→ What to work on: Only lines holding "Ford" are wanted; copy each of them from the records below.

=-=-=

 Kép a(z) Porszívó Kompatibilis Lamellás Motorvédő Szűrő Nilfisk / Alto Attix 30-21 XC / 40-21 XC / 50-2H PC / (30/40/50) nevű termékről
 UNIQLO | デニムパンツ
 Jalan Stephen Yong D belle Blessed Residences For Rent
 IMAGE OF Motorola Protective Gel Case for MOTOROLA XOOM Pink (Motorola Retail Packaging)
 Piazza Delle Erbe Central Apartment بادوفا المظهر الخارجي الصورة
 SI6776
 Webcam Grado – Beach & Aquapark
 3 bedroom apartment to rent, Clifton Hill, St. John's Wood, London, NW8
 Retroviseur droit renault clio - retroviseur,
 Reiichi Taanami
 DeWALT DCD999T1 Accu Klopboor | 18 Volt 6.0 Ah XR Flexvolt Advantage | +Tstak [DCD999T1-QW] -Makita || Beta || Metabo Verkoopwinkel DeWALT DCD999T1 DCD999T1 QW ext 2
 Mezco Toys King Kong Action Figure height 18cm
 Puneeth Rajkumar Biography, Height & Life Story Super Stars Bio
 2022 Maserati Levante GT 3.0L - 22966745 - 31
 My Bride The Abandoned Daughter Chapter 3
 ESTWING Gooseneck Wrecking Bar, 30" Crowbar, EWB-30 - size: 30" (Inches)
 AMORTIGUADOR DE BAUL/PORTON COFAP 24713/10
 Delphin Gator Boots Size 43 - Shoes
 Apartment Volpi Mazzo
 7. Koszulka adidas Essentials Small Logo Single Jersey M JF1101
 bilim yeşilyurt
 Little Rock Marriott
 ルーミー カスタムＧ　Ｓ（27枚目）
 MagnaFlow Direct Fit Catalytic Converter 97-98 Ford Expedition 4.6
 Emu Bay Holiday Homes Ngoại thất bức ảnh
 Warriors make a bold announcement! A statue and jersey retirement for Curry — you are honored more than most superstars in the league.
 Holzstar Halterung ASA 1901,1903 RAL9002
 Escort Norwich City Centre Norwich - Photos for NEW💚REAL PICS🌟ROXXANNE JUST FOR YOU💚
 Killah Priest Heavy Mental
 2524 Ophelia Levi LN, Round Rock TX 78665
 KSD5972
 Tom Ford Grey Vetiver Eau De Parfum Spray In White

=-=-=

→ Response:
 MagnaFlow Direct Fit Catalytic Converter 97-98 Ford Expedition 4.6
 Tom Ford Grey Vetiver Eau De Parfum Spray In White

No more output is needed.